Bald eagles Elliott and Eloise have been par for the course at the Tennessee club for the past three and a half years, scoring highly with both local and global audiences thanks to a camera installed by their nest in a pine tree behind the 10th green.
“The eagles came in and started building a nest in December 2010,” explains golf course superintendent Paul Carter.
“The first year they had two eaglets and both fledged successfully. We were just watching them from the ground not really knowing what was going on until about mid-May when two black heads popped up out of the nest.”
The discovery prompted Carter to install an Eagle Cam which has been live since early 2012. This year, the pair – who were given their names by Carter’s daughter – welcomed two more eaglets who go by the more functional names of HB5 and HB6.
Bald eagles were once on the U.S. endangered species list, but numbers of the nation’s symbol have risen since the government banned the pesticide DDT – which contaminated the birds’ food sources.
The wingspans of the female eagles, which are larger than the males, can be up to eight feet.

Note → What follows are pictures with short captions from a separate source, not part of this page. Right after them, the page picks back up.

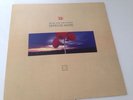 Depeche Mode Music for the Masses GER 12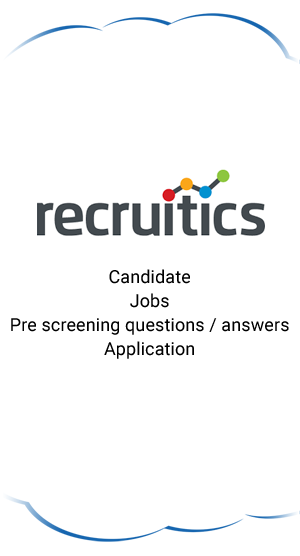 recruitics-2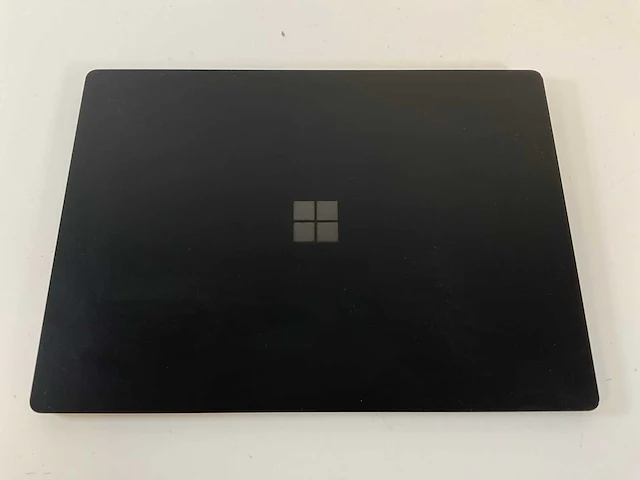 Microsoft surface 3 15”, core(tm) i5 10th gen, 16 gb ram, 256 gb nvme laptops (2x) - afbeelding 12 van  15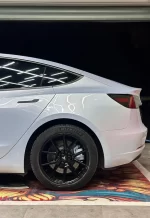 Macaron Jazz Blue YB047 - Image 4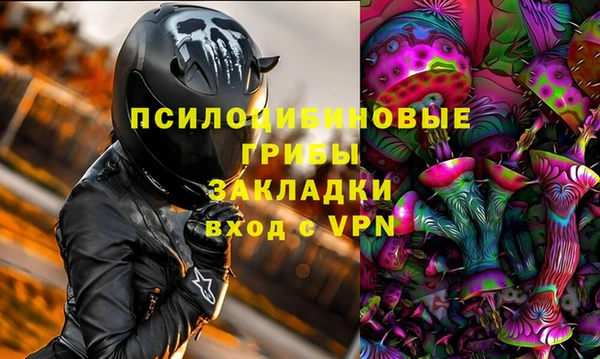 первитин Балахна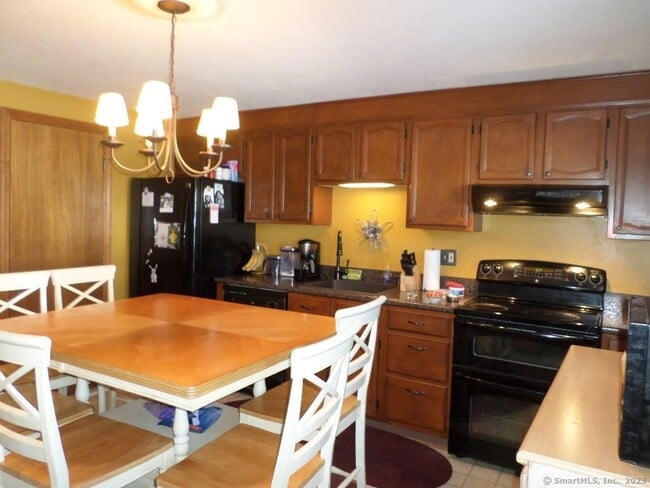 Photo - 4 Persimmon Ln Unit 4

“Tennessee has had some good success with its eagle population, but this is the only one on a golf course that I know of. We are trying to show that golf courses can be a sustainable habitat for wildlife,” Carter told CNN ahead of Earth Day – an initiative started in 1970 aimed at improving the world’s environment, and marked globally this year on April 22.
Bear Trace’s round-the-clock live feed has received almost a million views to date. The virtual presence has also helped business at the club.
“I’ve been in the pro shop several times and people come in and ask which hole Eagle Cam is on,” Carter says. “We’ve definitely had a considerable amount of play off it.”
The project is one of many environmentally-minded measures Carter and his colleagues have tended to in recent years.
“It’s not just about how we mow the grass or what fertilizer we’re putting down. We have an education center which has environmental information, awards and pictures of the course,” he says.
Carter, who also writes about environmental improvements on a blog and gives talks, was recently recognized for his green leadership.